● Your instructions
Write out exactly, excluding pictures, the lines from the one containing "защита от солнца" through the end of the data, both included.

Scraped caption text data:
____
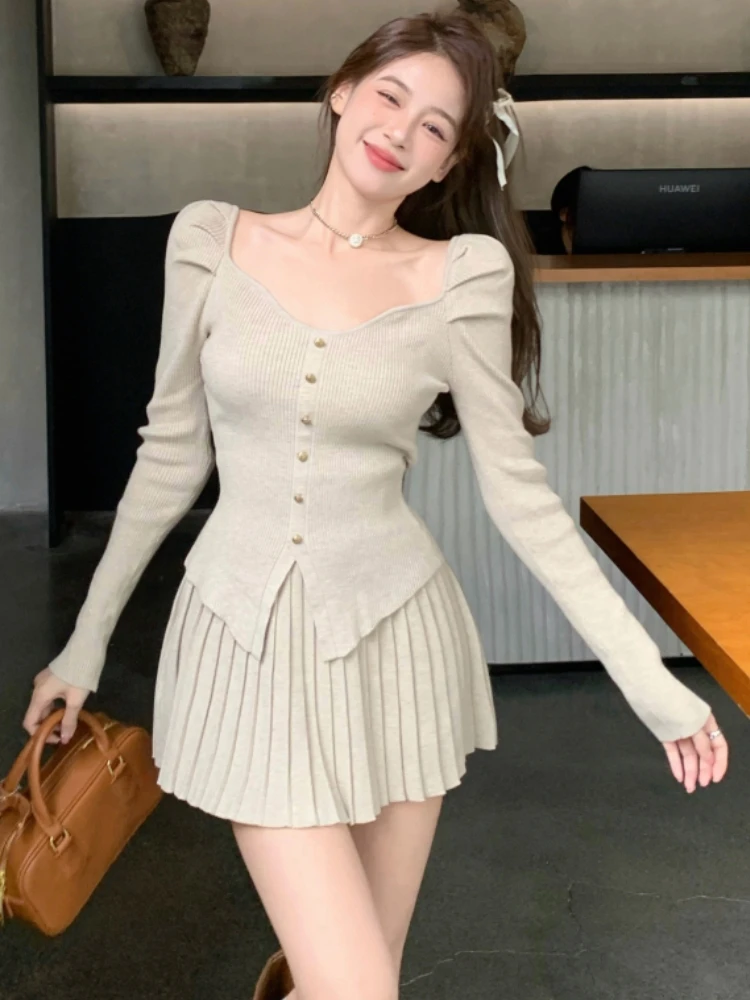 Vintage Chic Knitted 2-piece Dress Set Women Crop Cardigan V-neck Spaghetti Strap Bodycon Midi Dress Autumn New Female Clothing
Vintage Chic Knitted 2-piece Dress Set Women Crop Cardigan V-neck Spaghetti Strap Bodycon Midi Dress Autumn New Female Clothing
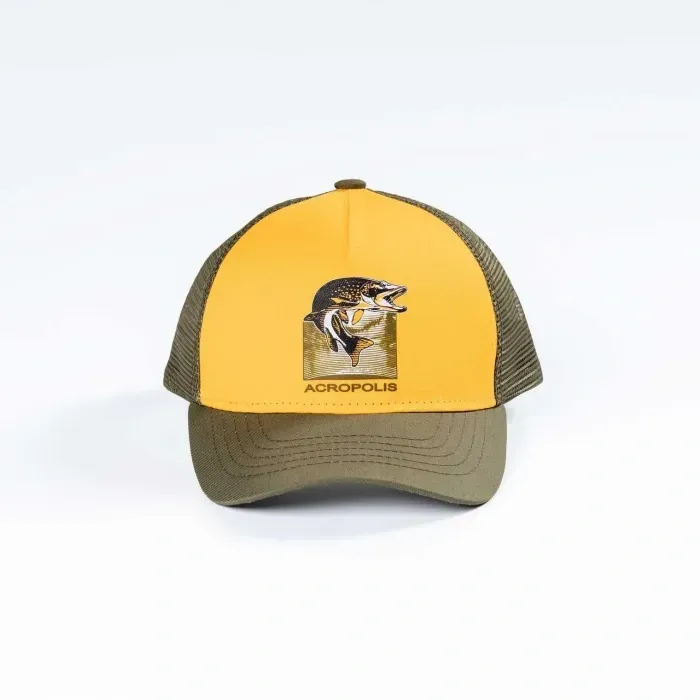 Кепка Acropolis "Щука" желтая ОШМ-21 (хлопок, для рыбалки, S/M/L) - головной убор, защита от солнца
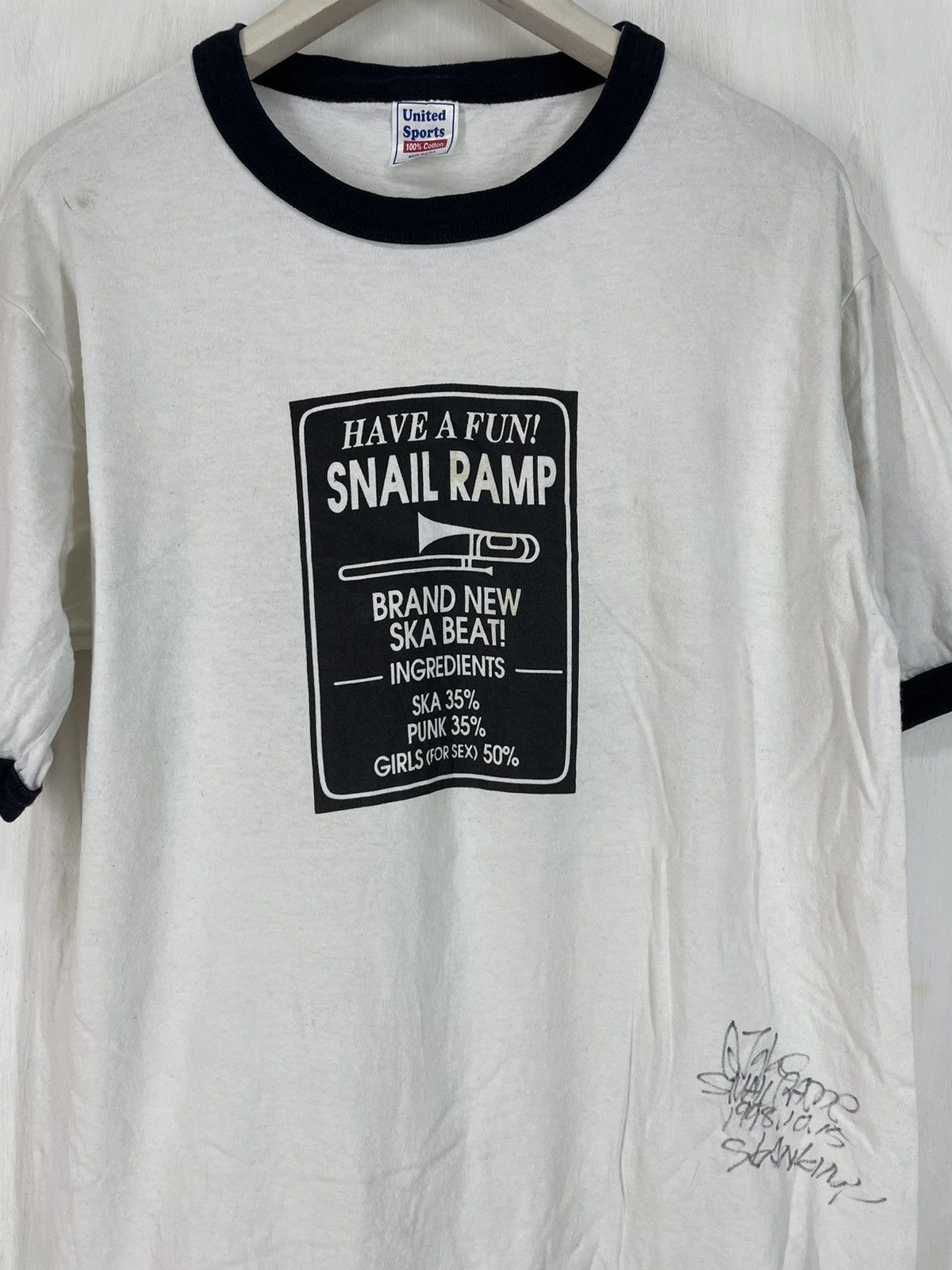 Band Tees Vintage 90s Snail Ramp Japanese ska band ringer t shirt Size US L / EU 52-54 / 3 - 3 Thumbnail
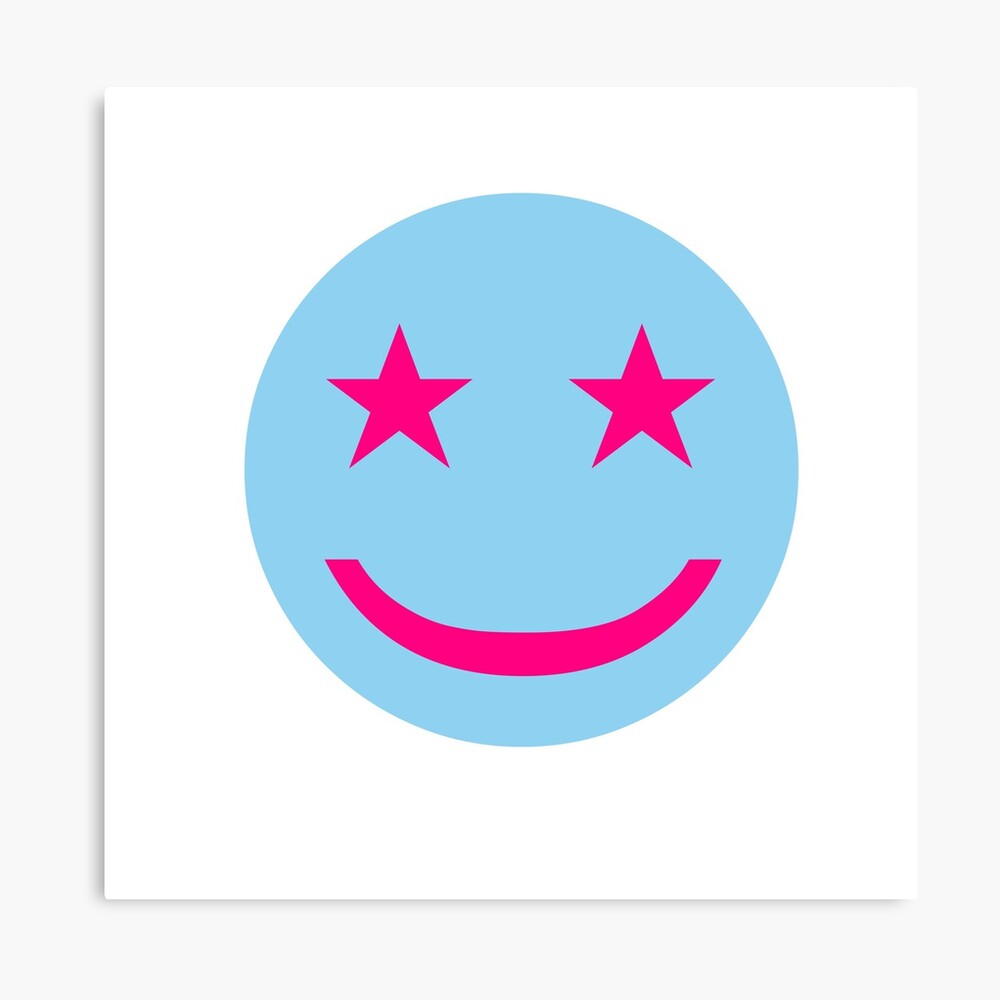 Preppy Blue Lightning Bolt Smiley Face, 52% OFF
____
● Final answer
 Кепка Acropolis "Щука" желтая ОШМ-21 (хлопок, для рыбалки, S/M/L) - головной убор, защита от солнца
 Band Tees Vintage 90s Snail Ramp Japanese ska band ringer t shirt Size US L / EU 52-54 / 3 - 3 Thumbnail
 Preppy Blue Lightning Bolt Smiley Face, 52% OFF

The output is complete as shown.